The AI also suggested I “avoid all management roles.” But through reflection and my current experience, I realized: I should avoid large team management and heavy operational management. Small strategic teams (5-7 people) in advisory capacities could work well, which is actually my current setup. I directly supervise seven people. The key is to avoid chaos, not to avoid leadership entirely.
Critical: AI analysis is a starting point for insight, not a final answer. Use it to see patterns, then validate against your experience and intuition.

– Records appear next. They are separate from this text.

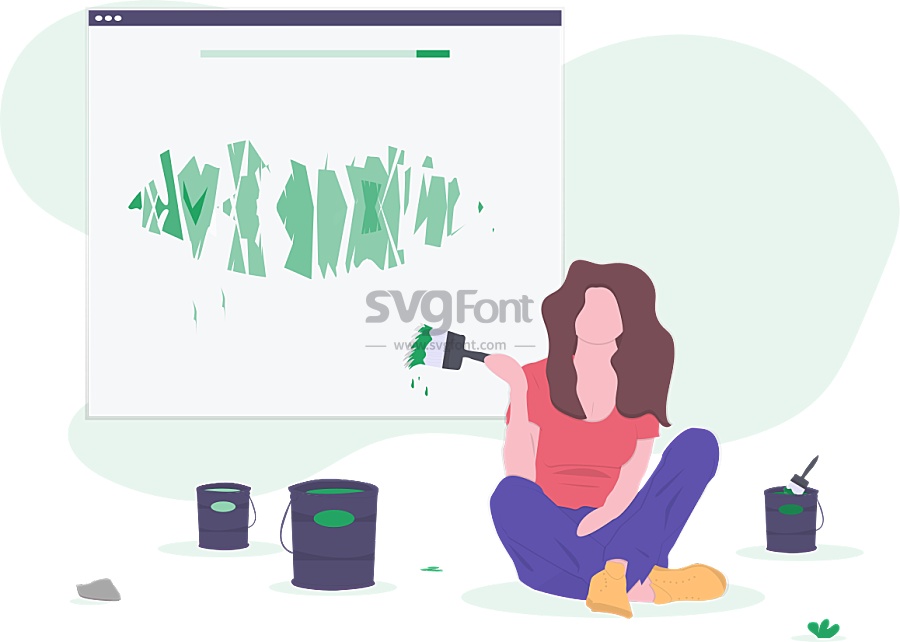 一位抽象派女画家盘腿坐在她的创意画作旁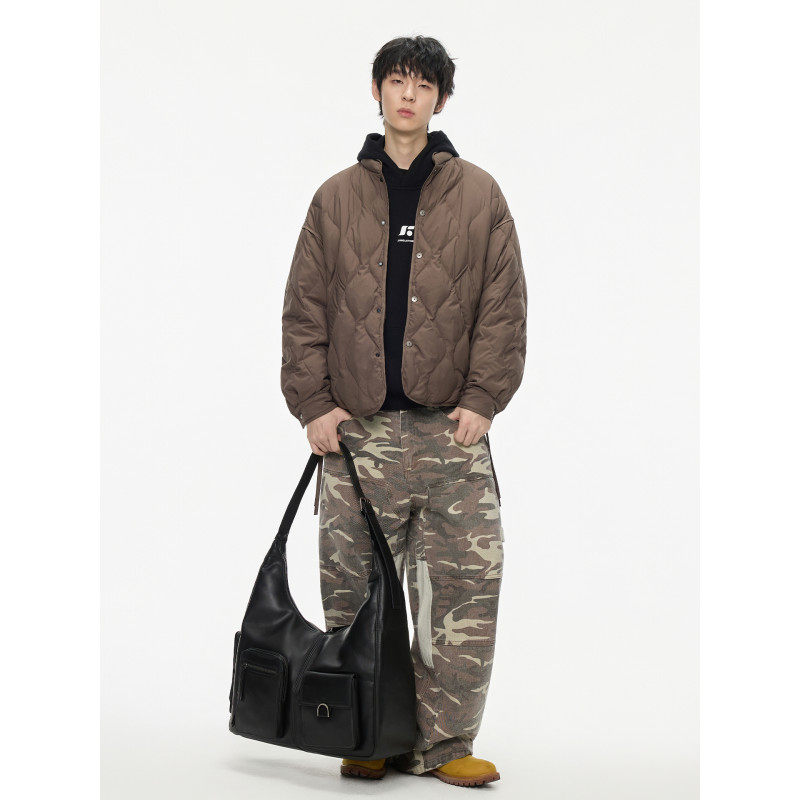 2025秋冬轻薄羽绒服男宽松立领菱形格子保暖外套90白鸭绒休闲上衣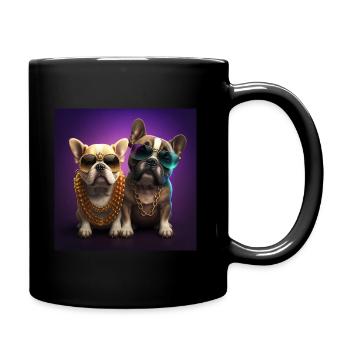 Drôle de couple de bouledogue français - Mug uni - noir - Droite
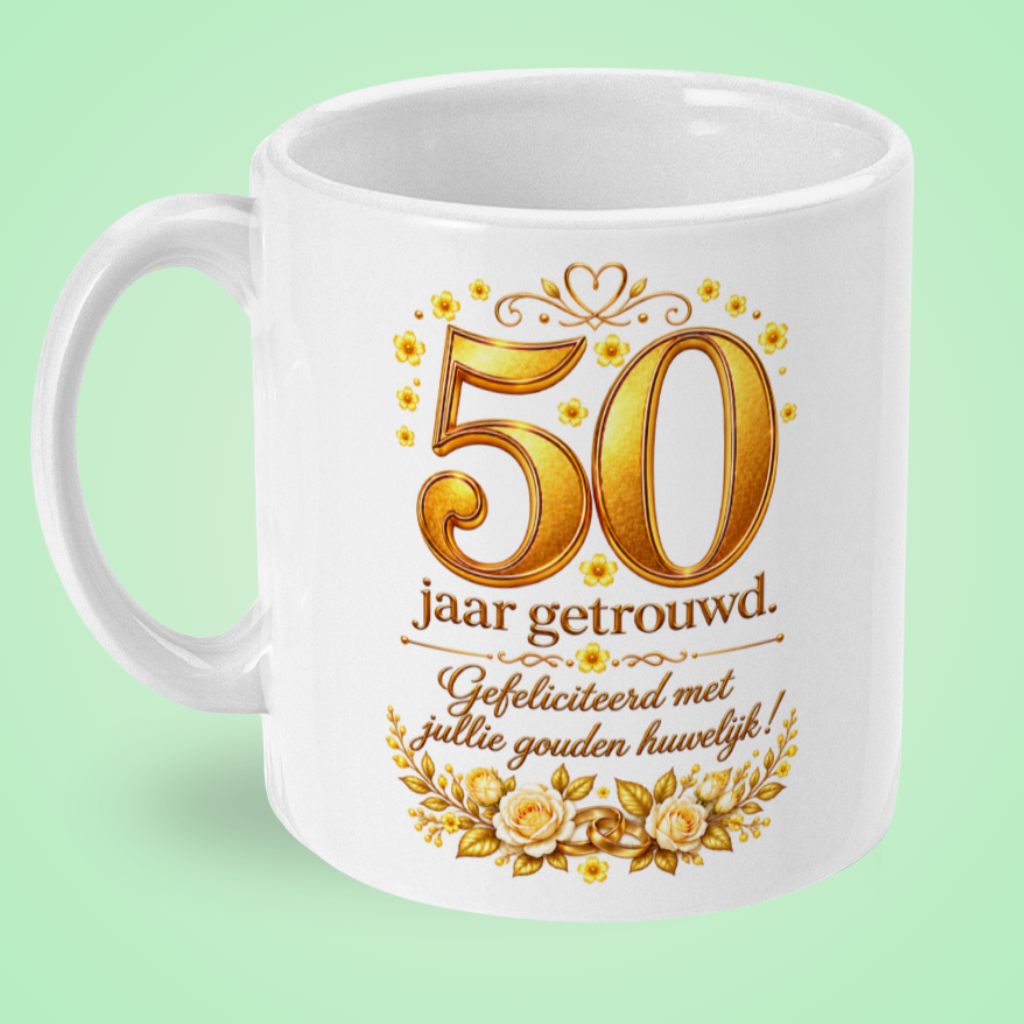 Mok 50 jaar getrouwd met gouden bloemen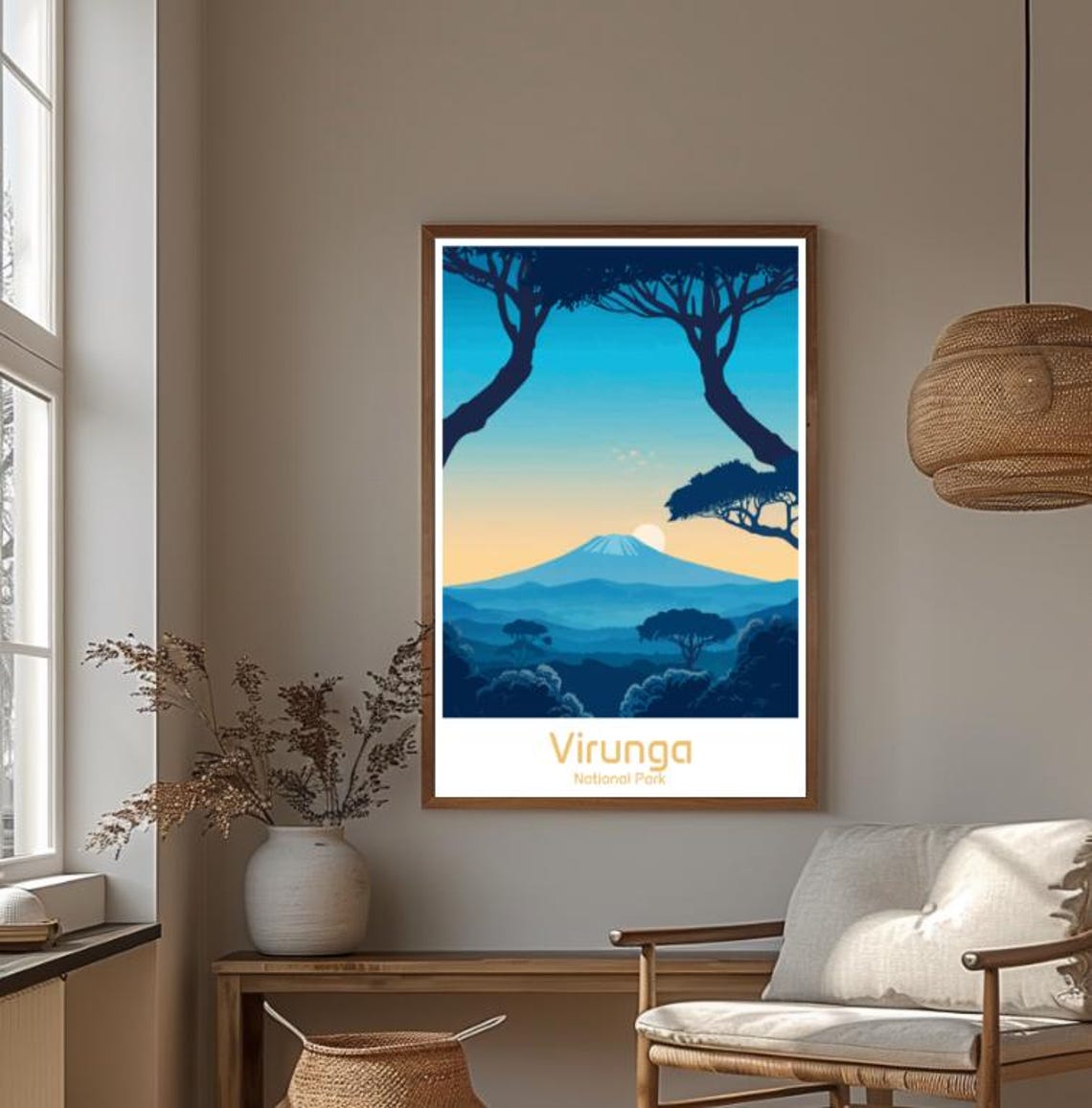 Virunga National Park Volcano Sunset Silhouette Jungle Art Poster - Image 4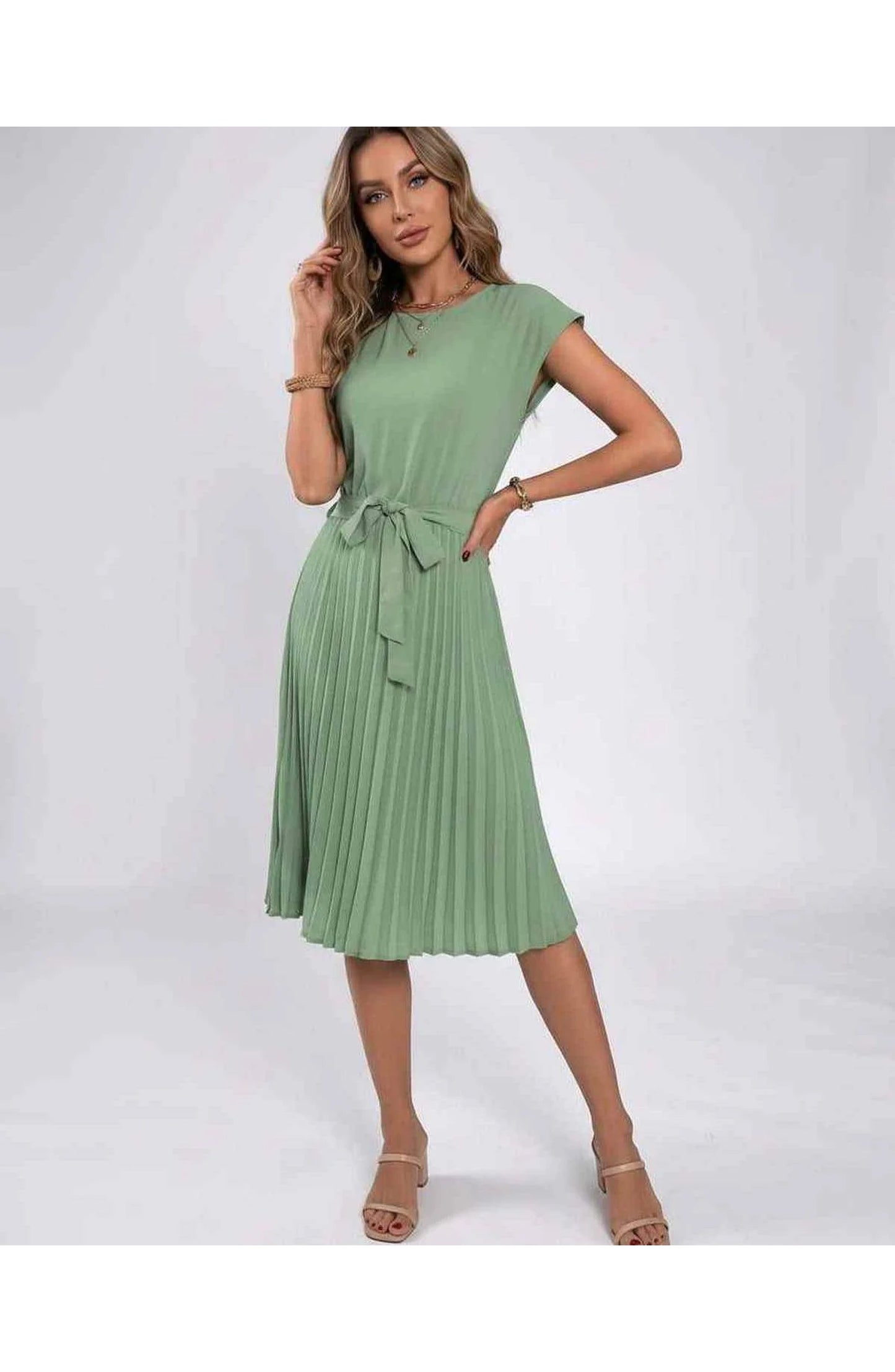 Marilou Dames Midi Jurk | Geplooide Rok | Strikketen Taille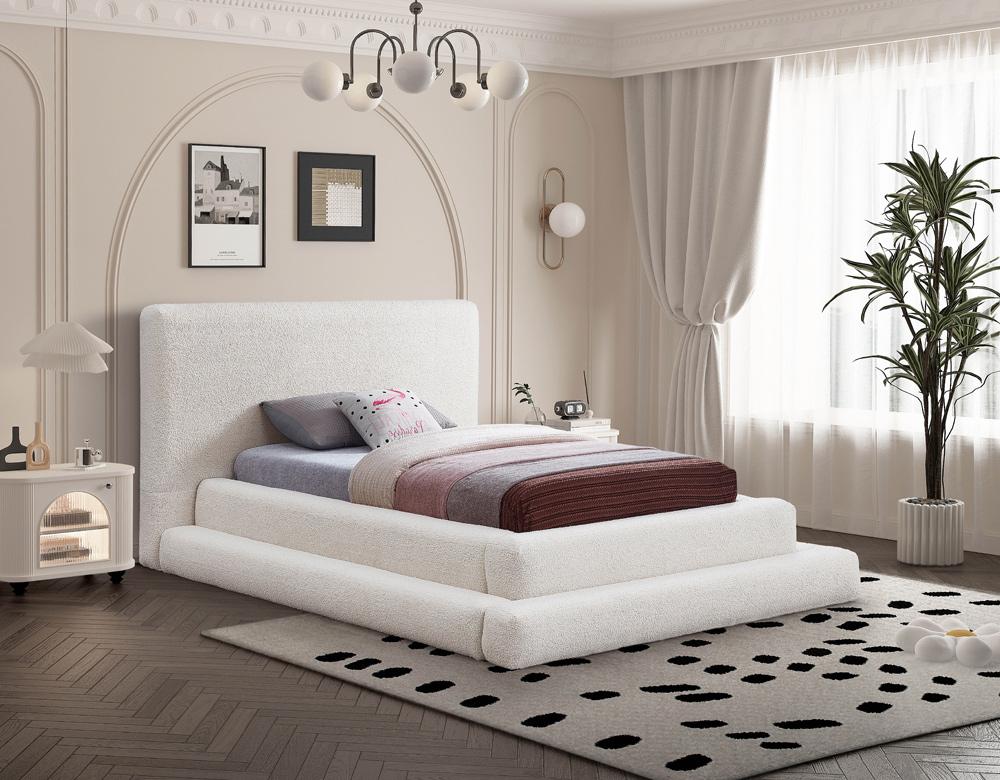 Meridian Furniture - Dane Cream Teddy Fabric Twin Bed - DaneCream-T veiw 2
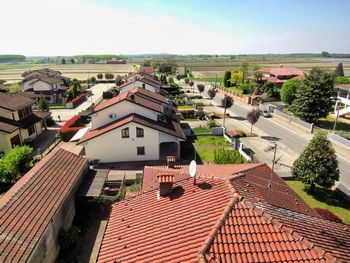 High angle view of townscape against sky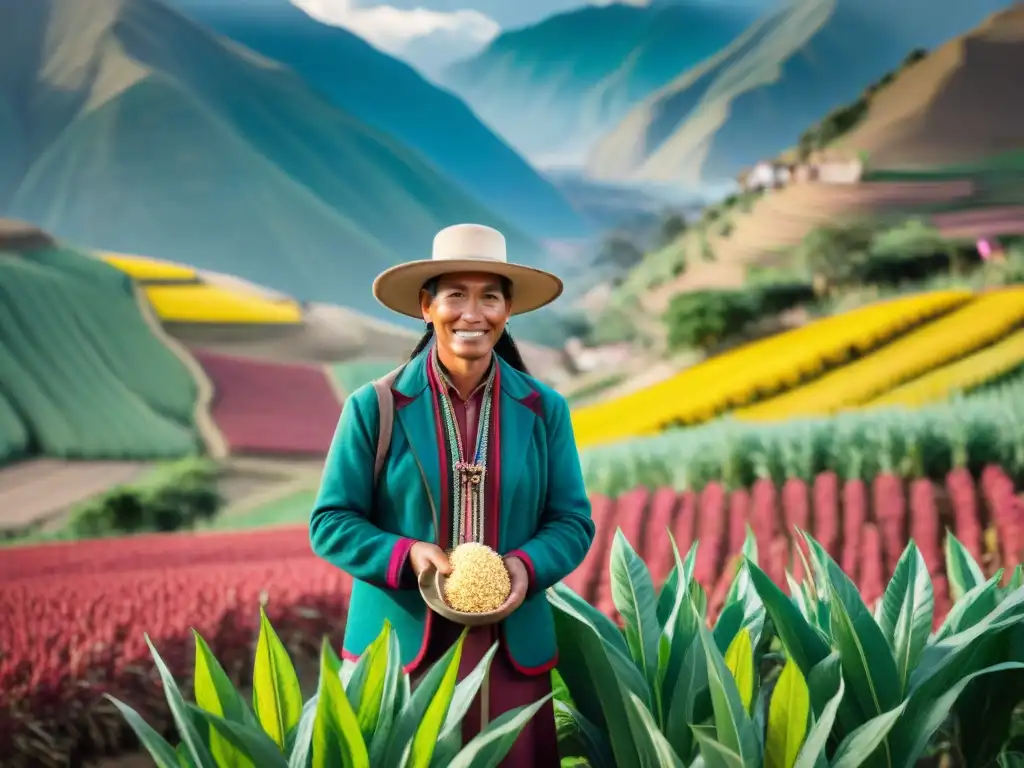 Un agricultor peruano en los Andes cuidando de sus cultivos de quinua, papas y maíz, ejemplificando la agricultura sostenible en cocina fusión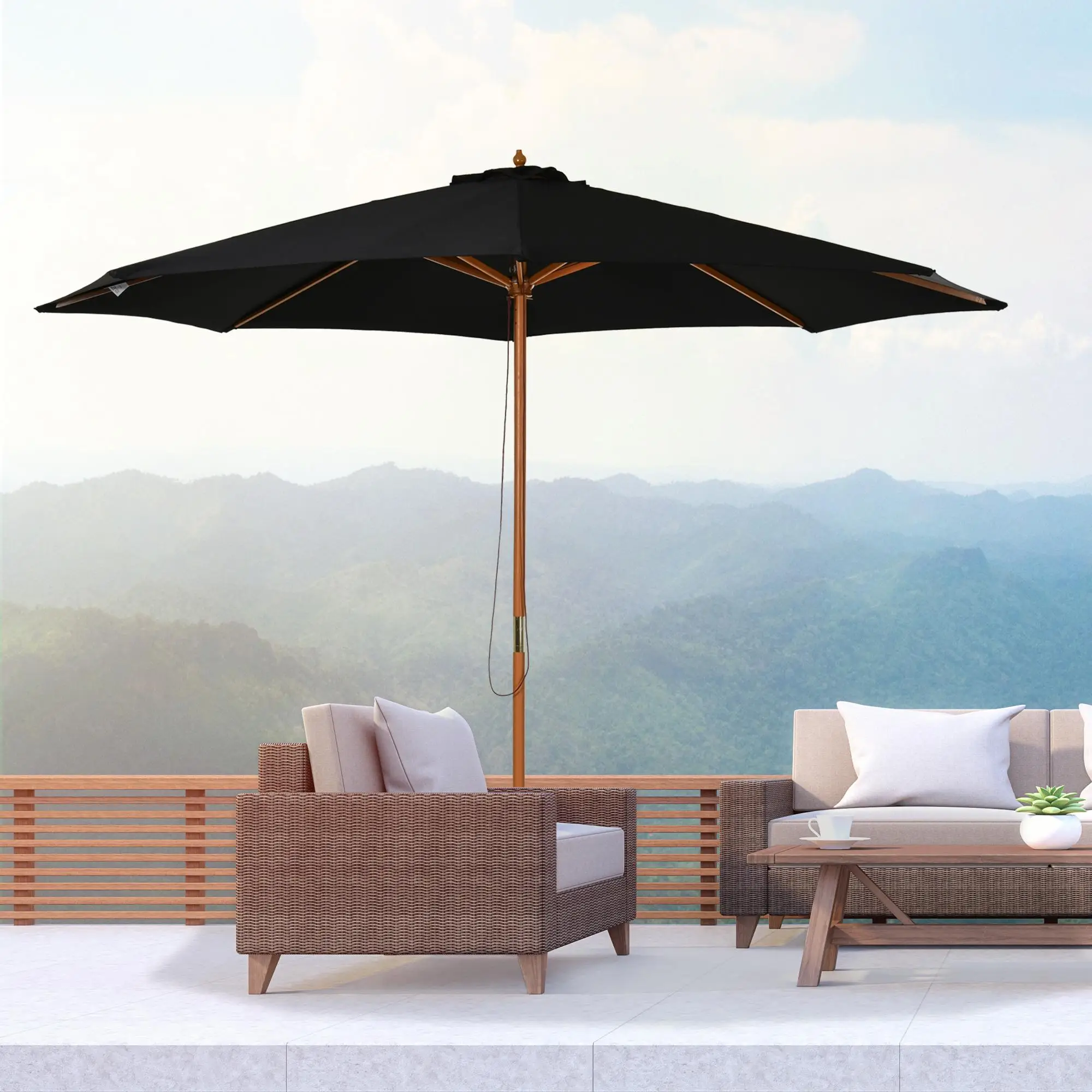 Parasol de terrasse noir Ø 300 cm avec système de rouleau et structure de toit ventilée pour jardin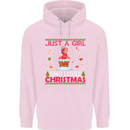 Just a Girl Who Loves Christmas Funny Childrens Kids Hoodie Light Pink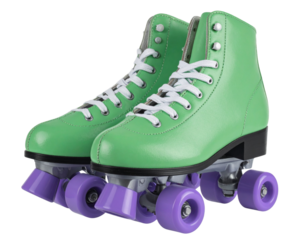 Retro Green Roller Skate Front Angle, Purple Wheels, Isolated PNG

Your Turn: How to Do This Yourself
Whether you’re my son, a fellow, or someone else seeking career clarity, here’s your step-by-step process:
1: Gather your data
Take CliftonStrengths
Take Highlands Ability Battery
Rank your work motivations
2: Upload and prompt
Use Claude AI, ChatGPT, or similar AI assistant
Upload all three assessments
Use the prompts I provided above
Ask follow-up questions based on what surprises you
3: Validate and refine
Test the AI’s insights against your career experience
Identify what resonates and what doesn’t
Refine the analysis based on your lived reality
Document your unique value proposition in 25 words or less
4: Take action
Update your LinkedIn summary to reflect your integrated value proposition
Redesign your resume around your unique combination
Start conversations about roles that align with all three parts of your profile
Say no to opportunities that conflict with your wiring, even if you’re capable; or say yes if you’re willing to pay the cost
The Bottom Line
Twenty-five years of career experience was clarified in a 30-minute AI conversation. That’s not hyperbole. The data was always there in my assessments.
But I needed AI to:
Integrate three different data sources simultaneously
Identify patterns across hundreds of data points
Spot conflicts I’d been living with but couldn’t see
Translate it all into a specific, actionable career direction
You can do the same thing.
The three questions that define your career:
What am I good at?
How do I think?
Why do I work?
Answer all three. Find where they conflict. Build your career around where they align. That’s when work stops feeling like work and starts feeling like who you are.
CliftonStrengths is a trademark of Gallup, Inc.










Thank you for sharing, God bless you!
What I'd rather see is seekers seeking answers from the one who knows them best, their Creator.
A question to start could be: What should I do with the life given me according to God's will?
Dare I say that God knows us better than any AI model.